Younes Sekkouri : “Nous disposons d'un projet de loi à la hauteur du Maroc du XXIe siècle, pour ceux qui disent le contraire, il suffit de le lire”
À la Chambre des conseillers, l'examen et le vote en plénière du projet de loi organique portant sur la grève sont en cours. Younes Sekkouri défend le texte et apporte des précisions sur les différents amendements proposés par les syndicats et acceptés par le gouvernement. Voici sa déclaration.
"Nous arrivons à la dernière phase d’examen et de vote du projet de loi qui fixe les conditions et modalités d'exercice du droit de grève. Il est important de souligner que des amendements majeurs ont été introduits entre la première et la deuxième chambre, principalement à la demande des syndicats", explique aux médias le ministre de l'Inclusion économique, de la petite entreprise, de l'emploi et des compétences, Younes Sekkouri.
Le ministre détaille les changements apportés. "Le premier amendement concerne la définition même de la grève. Désormais, en vertu de cette loi, la grève pourra être exercée non seulement pour des revendications matérielles, mais aussi pour des raisons morales. Ce changement élargit considérablement le champ des motifs pouvant justifier un mouvement social.
Le deuxième amendement porte sur l’étendue des intérêts défendus. "La grève pourra être déclenchée pour défendre des intérêts directs, mais aussi des intérêts indirects, une revendication essentielle des syndicats qui a été acceptée par le gouvernement", poursuit le ministre.

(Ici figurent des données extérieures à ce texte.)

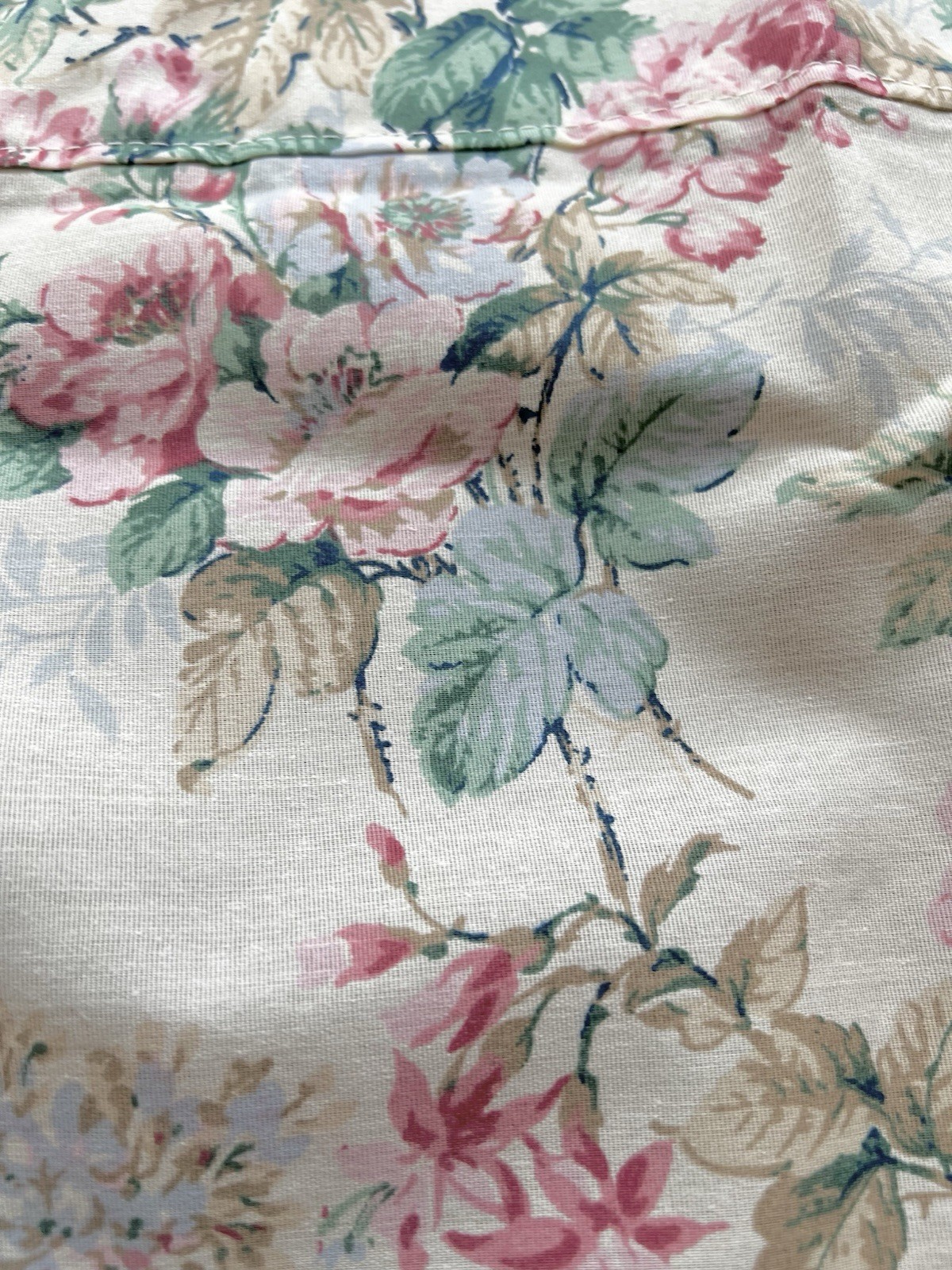 3 NIP Floral Valances Pattern Charlene By Crown Crafts Linens Cottage Flowers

Un autre changement fondamental réside dans l’élargissement du droit de grève à toutes les catégories de travailleurs. Contrairement à l’ancienne mouture de la loi, qui excluait certaines professions, ce texte permet désormais aux employés du secteur privé, aux fonctionnaires du secteur public, ainsi qu’aux professions libérales telles que les avocats, les médecins du privé, les pharmaciens et les notaires, d’exercer leur droit à la grève. De plus, les travailleurs non salariés et indépendants, qui étaient jusque-là exclus, bénéficient désormais de ce droit.
Un amendement majeur a également été introduit concernant les délais de préavis. "L’ancien texte imposait un délai de 30 jours de négociation avant d’autoriser une grève, un délai qui n'est pas raisonnable. Ce délai a donc été ramené à sept jours pour 95% des cas de grèves liées à des sujets conflictuels".
Par ailleurs, toutes les peines à caractère pénal ont été supprimées. "Même en cas d’infraction aux dispositions de la loi, aucune sanction pénale ne pourra être appliquée".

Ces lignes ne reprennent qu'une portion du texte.